YAŞ ESASLI MODEL: 16 YAŞINDA DİPLOMA
Üçüncü seçenek, zorunlu eğitimi yaş kriterine dayandırıyor. Bu modele göre, 16 yaşına ulaşan öğrenciler, sınıf seviyesinden bağımsız olarak zorunlu eğitimlerini tamamlamış sayılacak ve lise diploması alacak. Bu model, öğrencilerin bireysel gelişim hızlarını dikkate almayı ve erken mezuniyet imkanı sunmayı amaçlıyor. Bununla birlikte, yaş esaslı sistemin eğitim kalitesine etkileri ve uygulama zorlukları sosyal medyada yoğun tartışmalara neden oldu.

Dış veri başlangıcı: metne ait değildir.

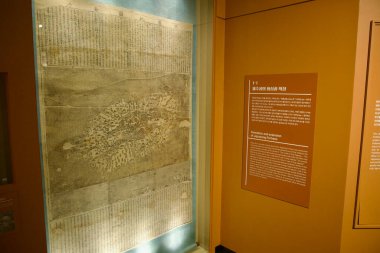 Müzenin içinde, büyük tarihi bir harita ve yorumlayıcı panel sıcak galeri ışığı altında sergilenen Jeju kalesinin oluşumunu ve uzantısını açıklıyor..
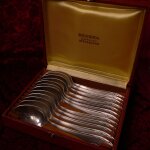 12 cuill�res argent�es dans leur ecrin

BAKAN TEKİN’İN DEĞERLENDİRMELERİ
Bakan Tekin, önerilerin sanayi ve ticaret odalarından gelen “nitelikli iş gücü” talepleri doğrultusunda şekillendiğini dile getirdi. “Toplumsal uzlaşı sağlanabilecek düzenlemeler kabine tarafından değerlendirilecek” ifadesini kullanan Tekin, bu modellerin pilot uygulamalarla test edilebileceğini ima etti. Ayrıca, mevcut 12 yıllık zorunlu eğitim sisteminin (4+4+4) yapısında esneklik sağlamanın, hem öğrencilerin hem de iş dünyasının taleplerine yanıt verebileceğini savundu.